[Data records]
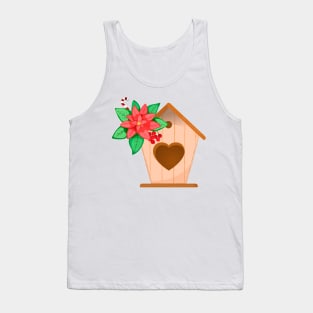 Poinsettia and birdhouse Tank Top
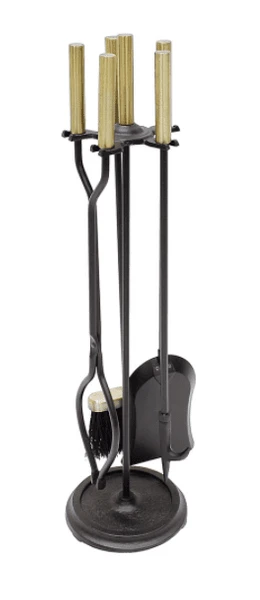 Minuteman Antique Brass And Black Neoclassic Fireplace Tool Set 3 Minuteman Antique Brass And Black Neoclassic Fireplace Tool Set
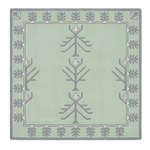Garden Medallion Border Square Hand Tufted Rug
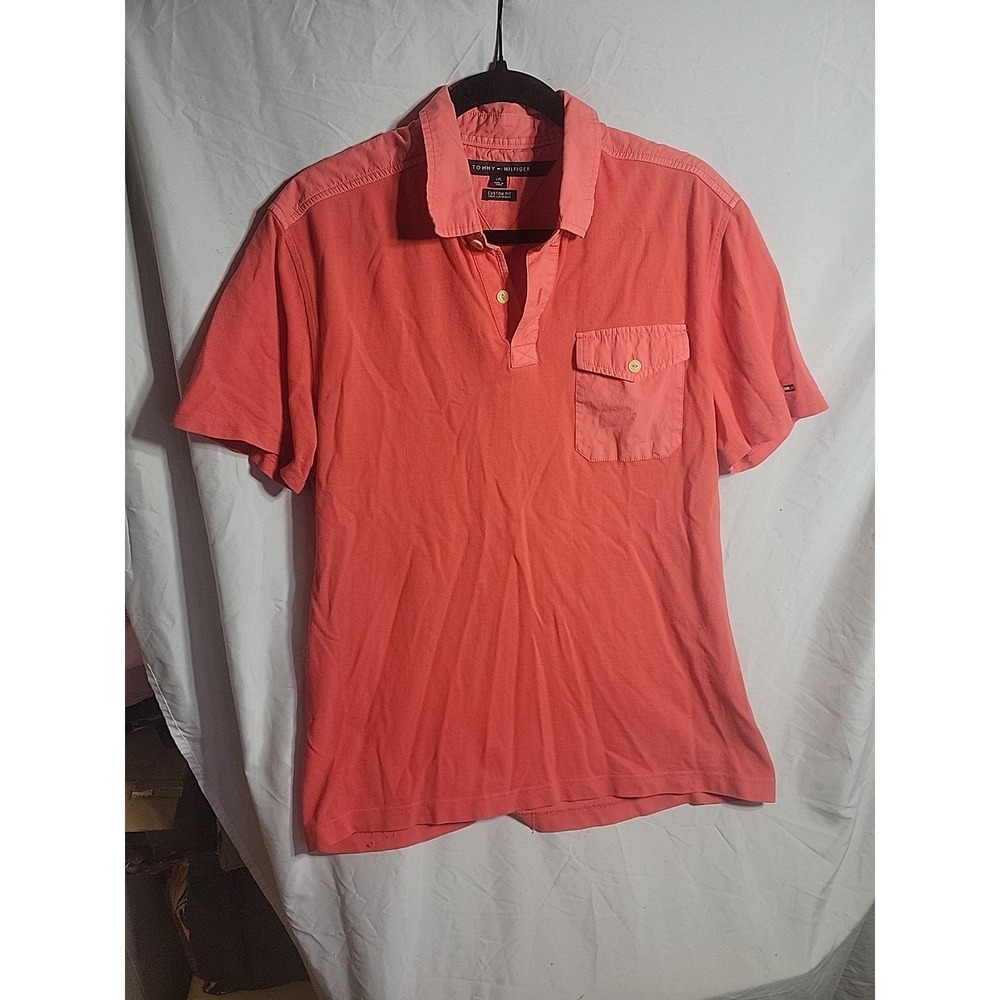 Tommy Hilfiger Mens Stretch Slim Fit Pique Polo Shirt Pink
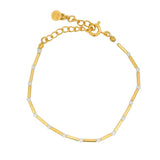 Bracelet doré avec Quartz rose et tubes dorés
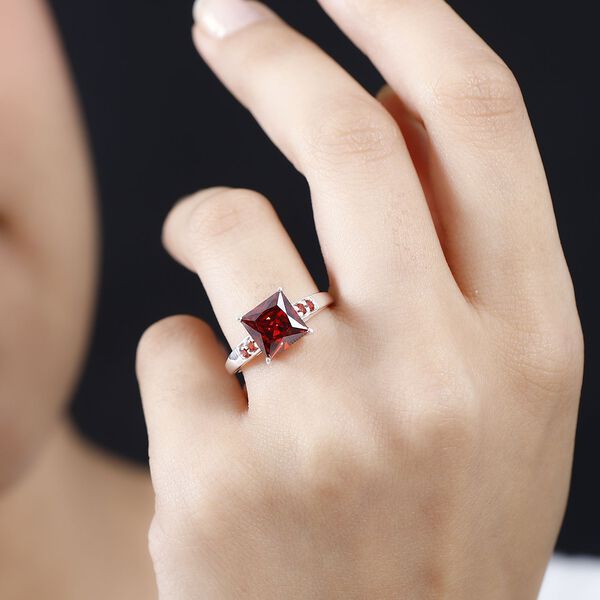 Granat kubischer Zirkonia-Ring - 4,45 ct. image number 3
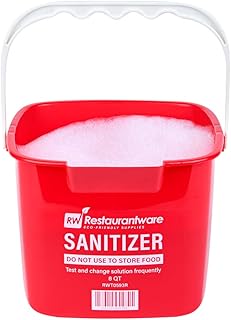 Restaurantware RW Clean 8 Quart Cleaning Bucket 1 Detergent Square Bucket - With Measurements Built-In Spout And Handle Red Plastic Utility Bucket For Home Or Commercial Use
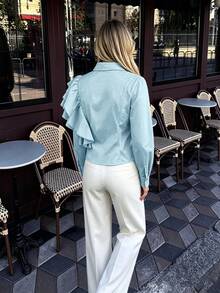 Women's Fashion Elegant Zipper Long Sleeve Jacket, Asymmetric Ruffle Layered Design, Spring/Autumn Style, Suitable For Daily Wear And Travel - Baby Blue - View 3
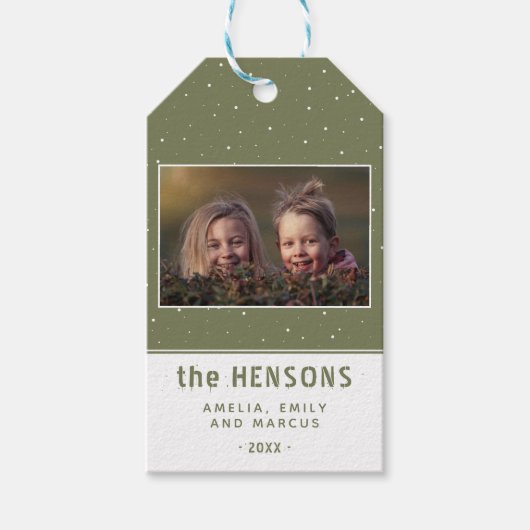 Foto van Joyful Script Olive Green Holiday Cadeaulabel (Voorkant)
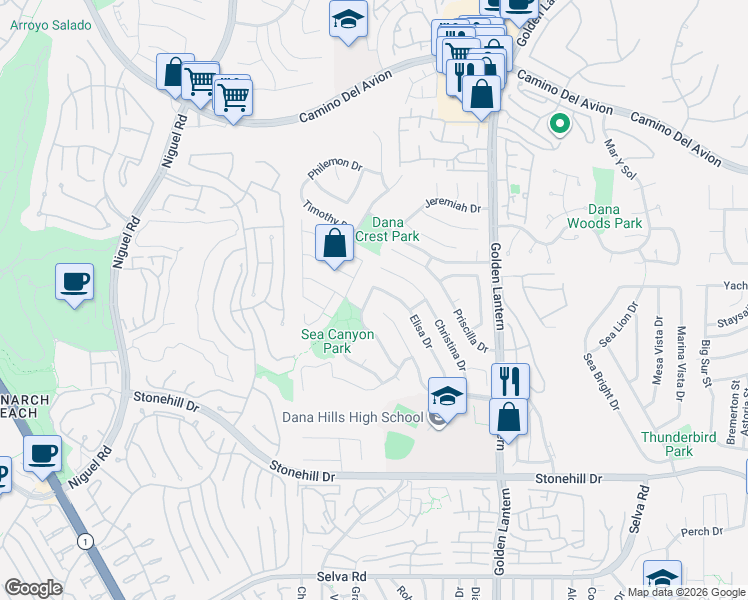 map of restaurants, bars, coffee shops, grocery stores, and more near 33051 Santiago Drive in Dana Point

About this task:
Return only the part above that opens with the line containing "Set 3 Minuteman" and closes with the line containing "Granat kubischer Zirkonia-Ring", exactly and with both ends, skipping the pictures.

Task output:
 Minuteman Antique Brass And Black Neoclassic Fireplace Tool Set 3 Minuteman Antique Brass And Black Neoclassic Fireplace Tool Set
Garden Medallion Border Square Hand Tufted Rug
 Tommy Hilfiger Mens Stretch Slim Fit Pique Polo Shirt Pink
 Bracelet doré avec Quartz rose et tubes dorés
 Granat kubischer Zirkonia-Ring - 4,45 ct. image number 3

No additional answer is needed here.